After serving as a lady-in-waiting to both Catherine of Aragon and Anne Boleyn, Henry's first two queens, Jane caught the king's eye. His desire to marry her made him eager to believe the false accusations of adultery against Anne. Henry married Jane on May 30, 1536 only eleven days after Anne's execution, and she quickly became pregnant.
As Queen, Jane was strict and formal. She was close only to her female relations, Anne Stanhope (her brother's wife) and her sister, Elizabeth Seymour. The glittering social life and extravagance of the Queen's Household, which had been masterminded by Anne Boleyn, was replaced by a strict, almost oppressive, atmosphere in Jane's time. Desperate to appear like a queen, Jane became obsessed with tiny details, such as how many pearls were sewn into each lady's skirt, and she banned the elegant French fashions introduced by Anne Boleyn. Politically, Jane was a conservative, but her only intervention into the realm of government in 1536 ended when the king brutally told her to remember the last queen, who had lost her head because she meddled in politics.

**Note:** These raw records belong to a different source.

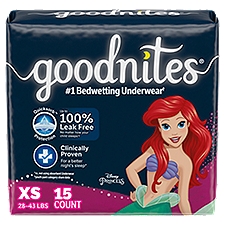 goodnites NightTime Girls Underwear, Fits Sizes 3-5 XS, 28-43 lbs, 15 count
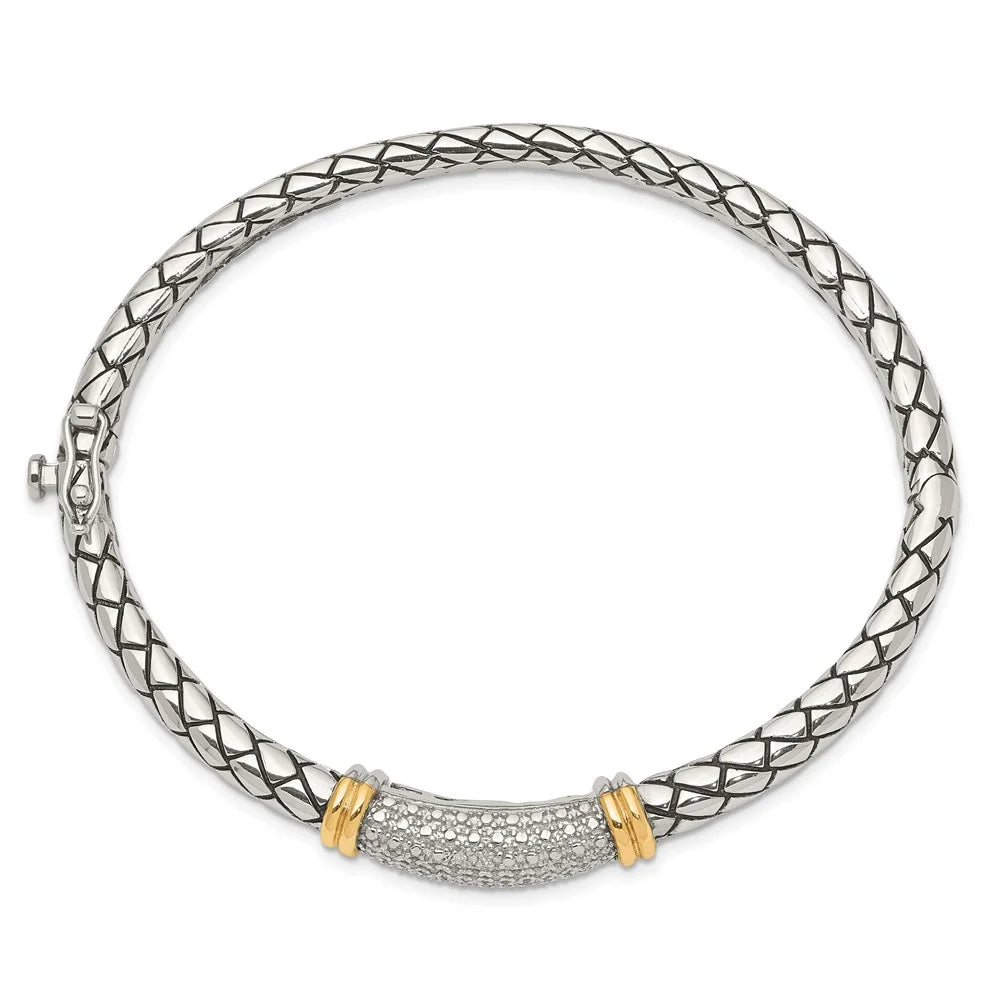14k/Sizeilver Two-Tone Bracelet Bangle Women's Diamond Round 8 mm 7 in Sizehey Couture Sizeterling Sizeilver with 14K Accent Antiqued Hinged
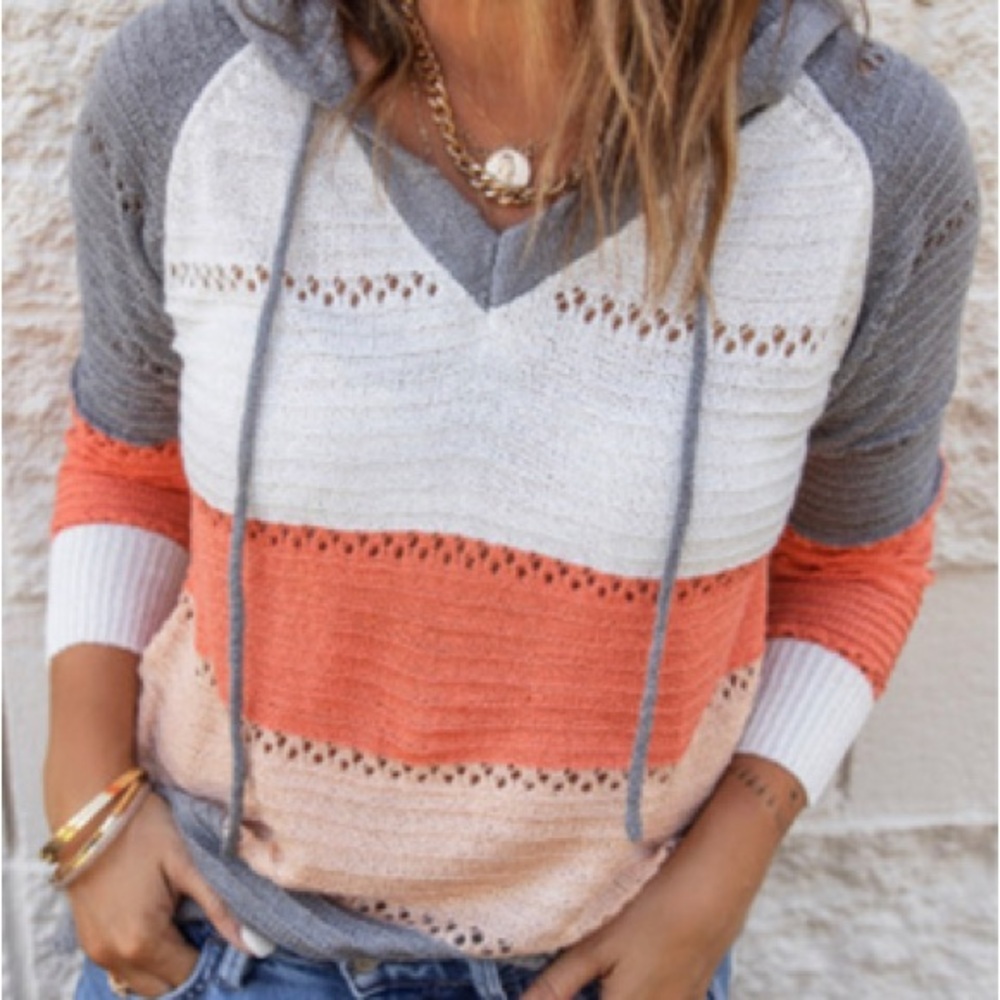 Striped Knit Bonfire Hoodie Size S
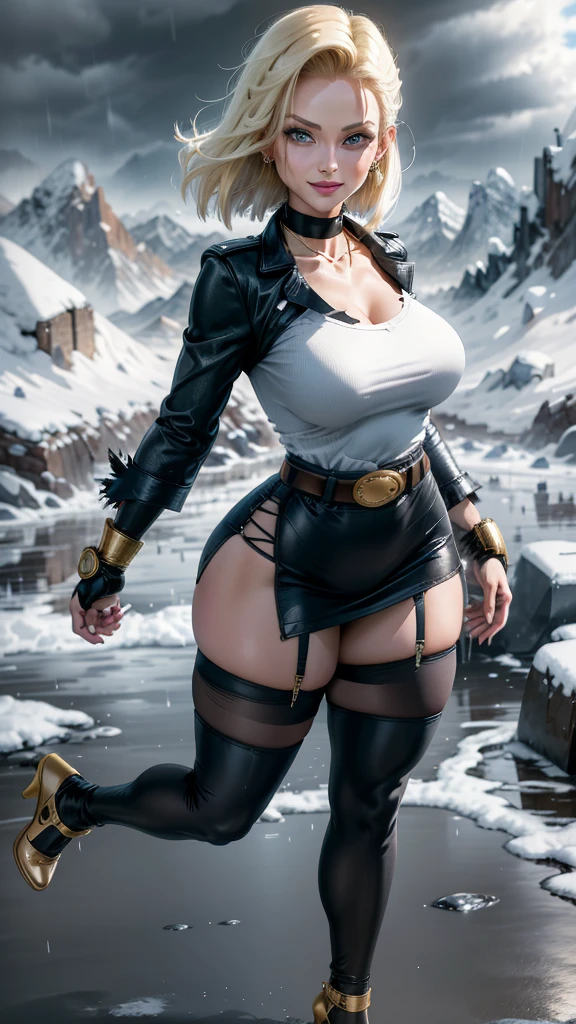 (pale white skin:1.4), (solo:1.1),(masterpiece), (best quality:1.3), highly detailed, intricate, professional art, digital art, absurdres, Pirate queen, white skin, 1girl, Futanari, solo, (Full body:1.1) ,dark red hair, red corset, long corsair boots, pirate captain cap, crotch bulge, penis under clothes, short hair, gold hoop earrings, green eyes, pear shaped figure, medium breasts, thick thighs, wide hips, bubble butt (aroused:1.2), (Black makeup 1:1), Black lipstick, full lips, BREAK outdoors, dim lighting, shipyard, night time, background with sea, BREAK standing, frontal view, BREAK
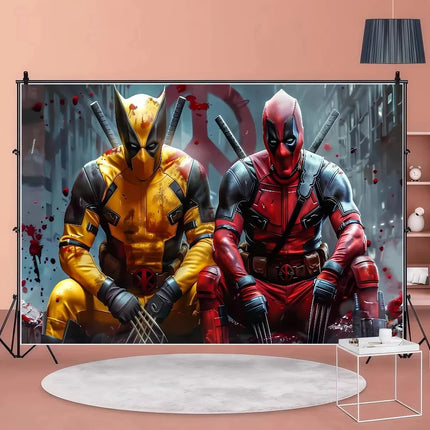 Superhero Deadpool Theme Customized Boys Birthday Party Decoration Banner Provided Portrait Photography Studio Background Props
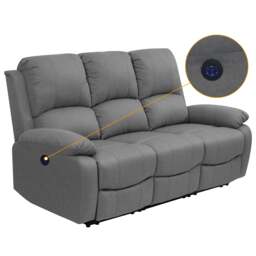 Rackhams Linen Electric Reclining Sofa Set - Light Grey - 2 seater only - thumbnail 3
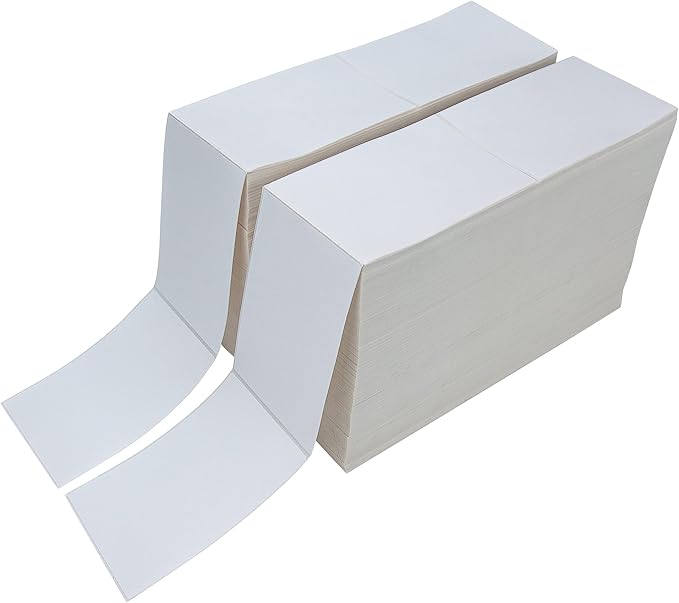 L LIKED 6000 4x6 Thermal Labels Fanfold, Direct Thermal Shipping Labels - Perforated and Strong Adhesive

During her pregnancy, Jane developed a craving for quail, which the King ordered for her from Calais and Flanders. She grew incredibly fat and her dresses had to be unlaced as much as possible. Jane went into seclusion in September 1537, and gave birth to a male heir, the future King Edward VI of England on October 12, 1537. However, she contracted puerperal fever and died on October 24 1537 at Hampton Court Palace. She was buried at Windsor Castle. Upon her tombstone there was for a time the following inscription:
- Here lieth a Phoenix, by whose death
- Another Phoenix life gave breath:
- It is to be lamented much
- The world at once ne'er knew too such.
Jane's two ambitious brothers, Thomas and Edward, used her memory to improve their own fortunes. After Henry's death, Thomas married Henry's widow, Catherine Parr, and also had designs on the future Elizabeth I. In the reign of the young King Edward VI, Edward Seymour set himself up as protector and effective ruler of the Kingdom. Both brothers eventually fell from power, and were disgraced and executed.
In film
Jane was first portrayed in film in the 1920 German film Anne Boleyn by actress Aud Edege Nissen. Thirteen years later, Wendy Barrie played a delightfully dim version of Jane opposite Charles Laughton's Henry VIII in Alexander Korda's highly-acclaimed masterpiece The Private Life of Henry VIII.
It was not until 1969 that Jane Seymour appeared in the screen again, and it was this time only for a few minutes in Hal B. Wallis' Oscar-winning Anne of the Thousand Days. Jane was played by Lesley Paterson, opposite screen legend Richard Burton as Henry VIII. Towards the movie's end, Anne Boleyn (played by Genevieve Bujold) dismisses her as a woman with "the face of a simpering sheep and the manners--but not the morals."
A year later, a 90 minute BBC television drama, "Jane Seymour" presented Jane as a sweet, painfully shy, introvert devoted to her husband, Henry VIII. Henry was played by Australian actor Keith Michell, and Jane by British actress, Anne Stallybrass.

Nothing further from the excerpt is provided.